🤖 AI Summary
Overreliance on large language models (LLMs) for pedagogical question generation in learning analytics suffers from inefficiency, opacity, and misalignment with instructional objectives.
Method: This paper proposes a two-stage “generate-verify” framework leveraging small language models (SLMs). In the first stage, an SLM generates diverse candidate questions; in the second, probabilistic verification and re-ranking—guided by structured reasoning—select questions exhibiting high answer definiteness and strong pedagogical alignment.

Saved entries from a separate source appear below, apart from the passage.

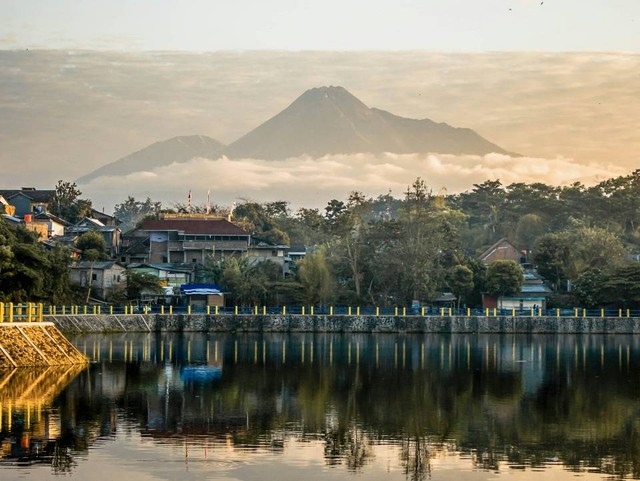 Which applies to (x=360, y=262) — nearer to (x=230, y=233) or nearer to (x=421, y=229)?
(x=421, y=229)

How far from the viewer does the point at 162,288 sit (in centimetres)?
8138

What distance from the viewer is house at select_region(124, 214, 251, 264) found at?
94.0 metres

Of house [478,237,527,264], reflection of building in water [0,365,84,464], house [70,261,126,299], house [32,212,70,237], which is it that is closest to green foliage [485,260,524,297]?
house [478,237,527,264]

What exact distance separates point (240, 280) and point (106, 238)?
68.3 feet

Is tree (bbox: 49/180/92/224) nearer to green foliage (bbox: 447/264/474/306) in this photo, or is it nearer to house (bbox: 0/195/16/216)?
house (bbox: 0/195/16/216)

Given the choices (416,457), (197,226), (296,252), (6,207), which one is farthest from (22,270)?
(296,252)

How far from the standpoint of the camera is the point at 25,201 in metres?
110

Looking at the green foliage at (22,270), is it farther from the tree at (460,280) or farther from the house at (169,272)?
the tree at (460,280)

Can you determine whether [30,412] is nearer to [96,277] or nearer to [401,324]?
[401,324]

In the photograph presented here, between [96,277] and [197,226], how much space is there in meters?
17.9

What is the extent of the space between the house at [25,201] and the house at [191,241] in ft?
58.9

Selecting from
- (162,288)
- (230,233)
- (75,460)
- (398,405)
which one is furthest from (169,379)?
(230,233)

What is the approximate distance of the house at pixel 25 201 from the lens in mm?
109188

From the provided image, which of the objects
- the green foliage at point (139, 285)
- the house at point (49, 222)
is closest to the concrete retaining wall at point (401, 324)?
the green foliage at point (139, 285) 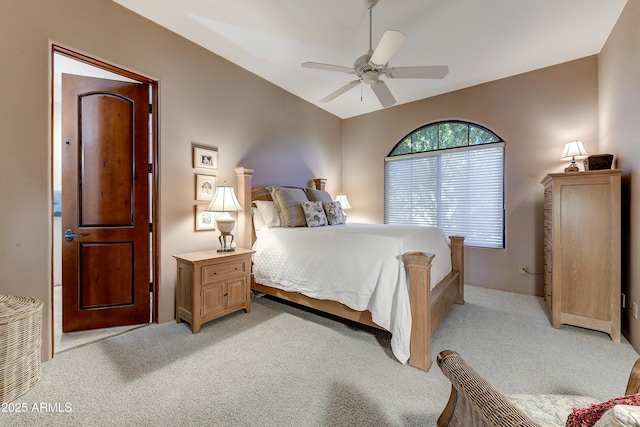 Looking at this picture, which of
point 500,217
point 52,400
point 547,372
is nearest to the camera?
point 52,400

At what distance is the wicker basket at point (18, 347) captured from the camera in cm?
114

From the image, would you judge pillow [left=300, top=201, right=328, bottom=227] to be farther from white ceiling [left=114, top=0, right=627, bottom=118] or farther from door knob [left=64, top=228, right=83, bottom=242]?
door knob [left=64, top=228, right=83, bottom=242]

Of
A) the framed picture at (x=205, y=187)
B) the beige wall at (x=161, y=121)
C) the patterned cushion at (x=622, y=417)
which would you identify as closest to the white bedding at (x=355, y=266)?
the framed picture at (x=205, y=187)

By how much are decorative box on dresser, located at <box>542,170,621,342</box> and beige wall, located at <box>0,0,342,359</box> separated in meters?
3.30

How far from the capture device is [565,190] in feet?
8.16

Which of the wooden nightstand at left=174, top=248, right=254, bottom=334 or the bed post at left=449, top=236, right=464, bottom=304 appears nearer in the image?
the wooden nightstand at left=174, top=248, right=254, bottom=334

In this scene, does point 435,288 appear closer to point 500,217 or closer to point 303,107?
point 500,217

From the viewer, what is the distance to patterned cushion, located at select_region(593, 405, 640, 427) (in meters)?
0.36

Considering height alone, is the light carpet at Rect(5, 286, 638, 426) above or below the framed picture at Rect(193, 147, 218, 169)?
below

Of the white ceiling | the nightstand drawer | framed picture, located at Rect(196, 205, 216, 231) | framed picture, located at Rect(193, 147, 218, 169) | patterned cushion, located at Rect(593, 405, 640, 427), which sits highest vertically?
the white ceiling

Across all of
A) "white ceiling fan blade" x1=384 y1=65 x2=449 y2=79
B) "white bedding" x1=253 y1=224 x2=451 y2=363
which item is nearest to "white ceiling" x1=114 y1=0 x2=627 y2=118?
"white ceiling fan blade" x1=384 y1=65 x2=449 y2=79

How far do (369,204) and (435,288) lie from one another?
278 centimetres

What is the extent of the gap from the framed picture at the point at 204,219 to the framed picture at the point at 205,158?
457mm

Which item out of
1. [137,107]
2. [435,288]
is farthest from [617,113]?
[137,107]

Contribution/Results: To our knowledge, this is the first work to deeply integrate SLM-based text generation with probabilistic inference for educational question generation, thereby extending SLMs’ capabilities in complex instructional tasks. Evaluated via dual human–machine assessment (seven domain experts + LLM-based evaluation), the method achieves LLM-level performance in answer clarity and learning objective consistency, demonstrating that lightweight models—when embedded in a carefully designed architecture—can deliver high-fidelity, educationally grounded question generation.
📝 Abstract
We explore the use of small language models (SLMs) for automatic question generation as a complement to the prevalent use of their large counterparts in learning analytics research. We present a novel question generation pipeline that leverages both the text generation and the probabilistic reasoning abilities of SLMs to generate high-quality questions. Adopting a "generate-then-validate" strategy, our pipeline first performs expansive generation to create an abundance of candidate questions and refine them through selective validation based on novel probabilistic reasoning. We conducted two evaluation studies, one with seven human experts and the other with a large language model (LLM), to assess the quality of the generated questions. Most judges (humans or LLMs) agreed that the generated questions had clear answers and generally aligned well with the intended learning objectives. Our findings suggest that an SLM can effectively generate high-quality questions when guided by a well-designed pipeline that leverages its strengths.